_Records provided_:
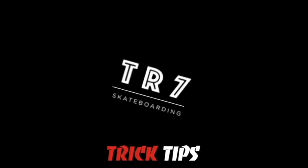What's up guys? Welcome back to the TR7Skate YouTube channel. Today we're going to be doing another mini ramp tutorial, and this one may seem like a slightly more basic trick, but it's one that we haven't actually done yet — today we're going to do the tail stall.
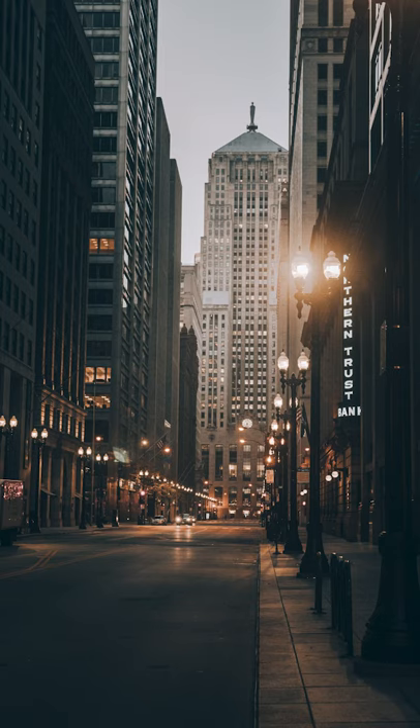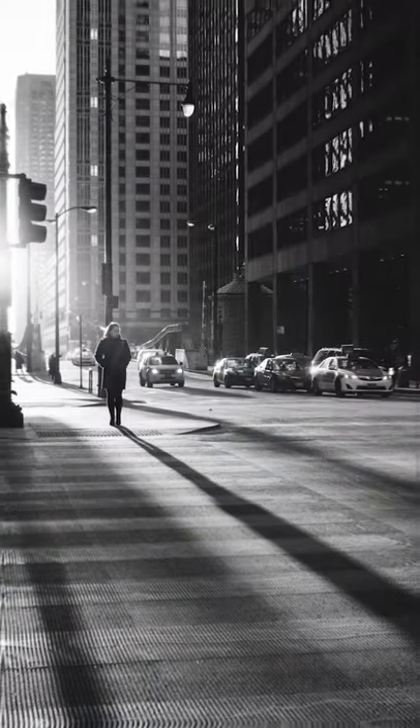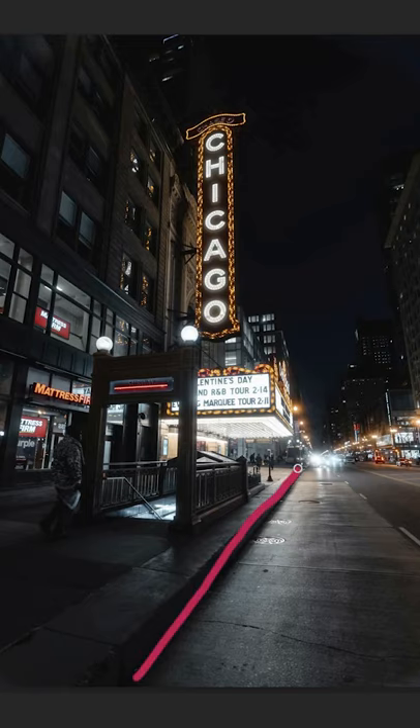Welcome to this street photography tip brought to you by Ben's Guide. Each one of these street photography photos looks amazing, but do you know what each one of these has in common? Here's the tip: each one of these photos uses leading lines. This can completely transform your photos and draw the viewer's eye straight through the photo.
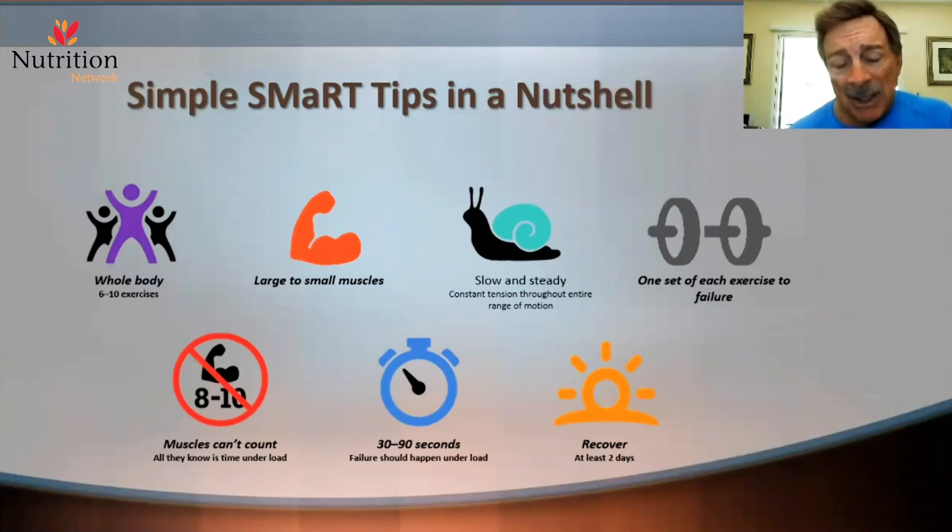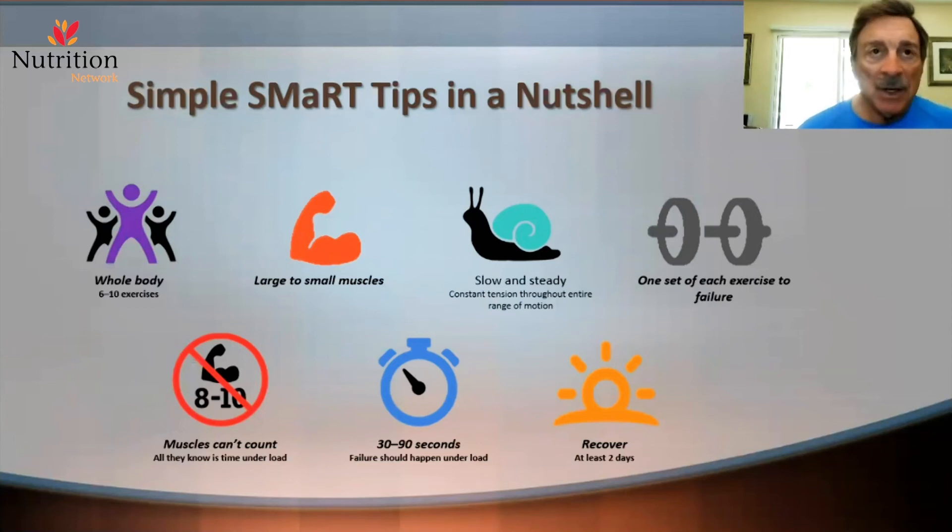The muscles can't count — this is one of the famous Dr. Ben-isms — all they know is the time under load and at what level the load is being applied. The average time for a set of exercises, which are usually three to six repetitions, is 30 to 90 seconds. Failure should happen under the appropriate load within that window.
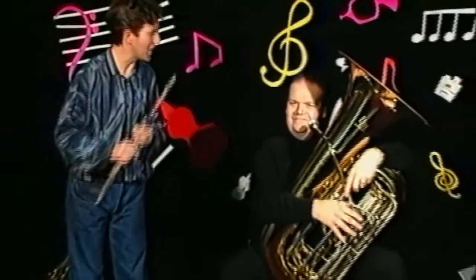Hi, I'm Mark and I'm here to tell you about instruments of the orchestra. With me is Adrian with his tuba. How does that sound, Adrian?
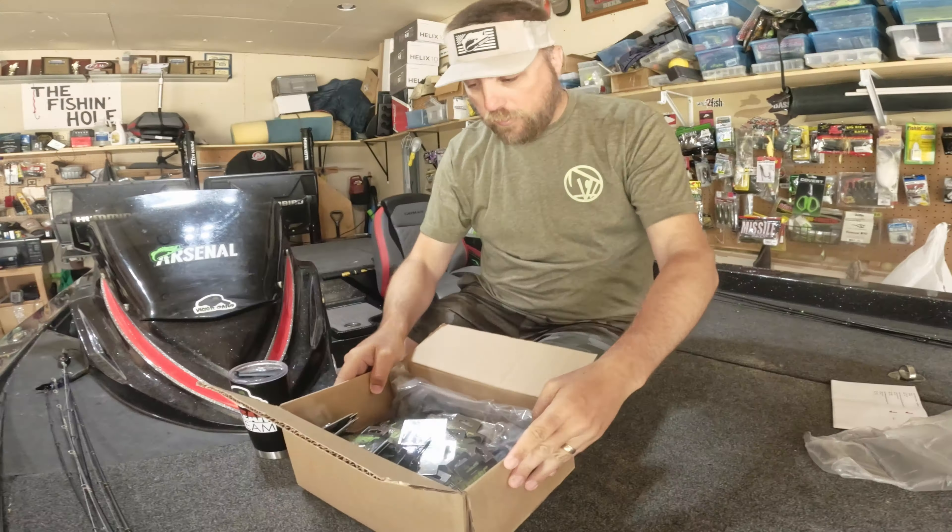The four colors: there's kind of a green bluegill color, then kind of your shad white which is a typical color, kind of this orange gill crawdad color, and then kind of that black and blue bruiser with a little bit of purple. I like that — he's got nice subtle color combinations, nothing too complicated.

_Task statement_: Restate the whole listing above exactly, except for its images.

_Response to this task_:
What's up guys? Welcome back to the TR7Skate YouTube channel. Today we're going to be doing another mini ramp tutorial, and this one may seem like a slightly more basic trick, but it's one that we haven't actually done yet — today we're going to do the tail stall.
Welcome to this street photography tip brought to you by Ben's Guide. Each one of these street photography photos looks amazing, but do you know what each one of these has in common? Here's the tip: each one of these photos uses leading lines. This can completely transform your photos and draw the viewer's eye straight through the photo.
The muscles can't count — this is one of the famous Dr. Ben-isms — all they know is the time under load and at what level the load is being applied. The average time for a set of exercises, which are usually three to six repetitions, is 30 to 90 seconds. Failure should happen under the appropriate load within that window.
Hi, I'm Mark and I'm here to tell you about instruments of the orchestra. With me is Adrian with his tuba. How does that sound, Adrian?
The four colors: there's kind of a green bluegill color, then kind of your shad white which is a typical color, kind of this orange gill crawdad color, and then kind of that black and blue bruiser with a little bit of purple. I like that — he's got nice subtle color combinations, nothing too complicated.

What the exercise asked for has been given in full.